**What you should do:**
When you reach the line containing "Pracovní rukavice PORTWEST", begin reproducing the material exactly, stop after the line containing "Italia. Atlante libro", and leave out any pictures along the way.

**Material shown:**
·····

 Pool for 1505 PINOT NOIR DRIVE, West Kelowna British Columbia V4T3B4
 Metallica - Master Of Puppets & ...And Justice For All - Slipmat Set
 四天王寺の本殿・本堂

·····

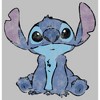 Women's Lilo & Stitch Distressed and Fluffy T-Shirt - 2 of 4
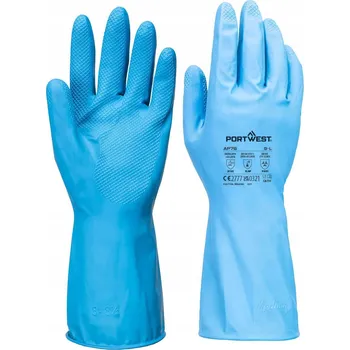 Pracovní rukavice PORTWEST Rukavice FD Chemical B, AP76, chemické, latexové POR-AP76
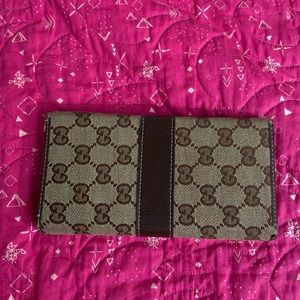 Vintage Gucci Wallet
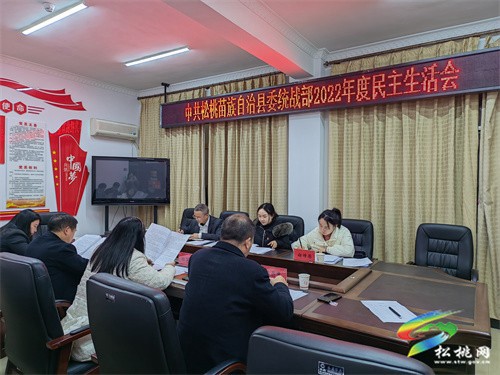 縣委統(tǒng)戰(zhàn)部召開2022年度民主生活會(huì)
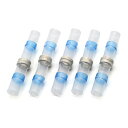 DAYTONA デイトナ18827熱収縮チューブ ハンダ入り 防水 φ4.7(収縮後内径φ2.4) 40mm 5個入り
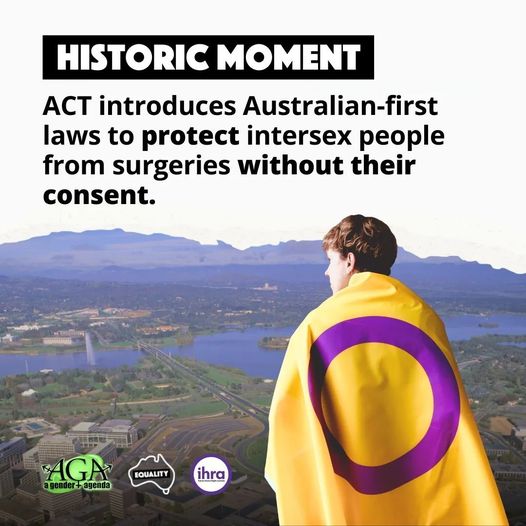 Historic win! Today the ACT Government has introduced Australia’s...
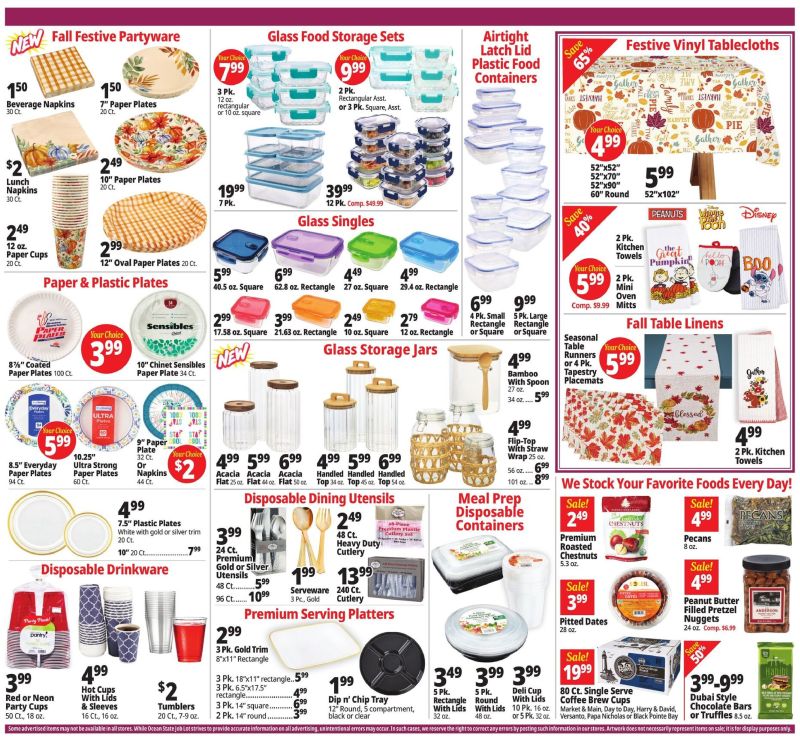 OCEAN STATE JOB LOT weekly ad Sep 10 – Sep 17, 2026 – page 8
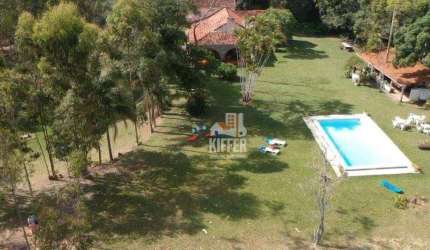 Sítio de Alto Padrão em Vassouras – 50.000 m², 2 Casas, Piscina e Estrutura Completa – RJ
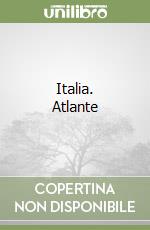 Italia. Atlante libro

·····

**Answer for the task:**
 Pracovní rukavice PORTWEST Rukavice FD Chemical B, AP76, chemické, latexové POR-AP76
 Vintage Gucci Wallet
 縣委統(tǒng)戰(zhàn)部召開2022年度民主生活會(huì)
 DAYTONA デイトナ18827熱収縮チューブ ハンダ入り 防水 φ4.7(収縮後内径φ2.4) 40mm 5個入り
 Historic win! Today the ACT Government has introduced Australia’s...
 OCEAN STATE JOB LOT weekly ad Sep 10 – Sep 17, 2026 – page 8
 Sítio de Alto Padrão em Vassouras – 50.000 m², 2 Casas, Piscina e Estrutura Completa – RJ
 Italia. Atlante libro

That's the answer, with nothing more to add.